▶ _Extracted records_
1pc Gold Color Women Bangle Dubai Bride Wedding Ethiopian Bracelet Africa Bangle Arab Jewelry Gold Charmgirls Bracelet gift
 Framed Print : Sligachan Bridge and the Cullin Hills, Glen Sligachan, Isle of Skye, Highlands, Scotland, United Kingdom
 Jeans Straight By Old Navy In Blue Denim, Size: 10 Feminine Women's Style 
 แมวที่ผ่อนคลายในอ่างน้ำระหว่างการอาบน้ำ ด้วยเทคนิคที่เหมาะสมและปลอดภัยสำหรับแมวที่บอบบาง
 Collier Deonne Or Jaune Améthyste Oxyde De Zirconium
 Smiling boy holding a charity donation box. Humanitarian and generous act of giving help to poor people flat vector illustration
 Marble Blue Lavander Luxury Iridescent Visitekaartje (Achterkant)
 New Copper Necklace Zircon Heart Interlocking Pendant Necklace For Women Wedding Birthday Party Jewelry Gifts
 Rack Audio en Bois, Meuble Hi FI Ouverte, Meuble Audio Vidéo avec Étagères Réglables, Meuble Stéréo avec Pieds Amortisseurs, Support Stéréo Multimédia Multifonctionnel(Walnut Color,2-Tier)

▶ _Work instruction_
Word for word, output the lines of the data from its first line through the line where "Marble Blue Lavander" appears, and stop there.

▶ _Exercise output_
1pc Gold Color Women Bangle Dubai Bride Wedding Ethiopian Bracelet Africa Bangle Arab Jewelry Gold Charmgirls Bracelet gift
 Framed Print : Sligachan Bridge and the Cullin Hills, Glen Sligachan, Isle of Skye, Highlands, Scotland, United Kingdom
 Jeans Straight By Old Navy In Blue Denim, Size: 10 Feminine Women's Style 
 แมวที่ผ่อนคลายในอ่างน้ำระหว่างการอาบน้ำ ด้วยเทคนิคที่เหมาะสมและปลอดภัยสำหรับแมวที่บอบบาง
 Collier Deonne Or Jaune Améthyste Oxyde De Zirconium
 Smiling boy holding a charity donation box. Humanitarian and generous act of giving help to poor people flat vector illustration
 Marble Blue Lavander Luxury Iridescent Visitekaartje (Achterkant)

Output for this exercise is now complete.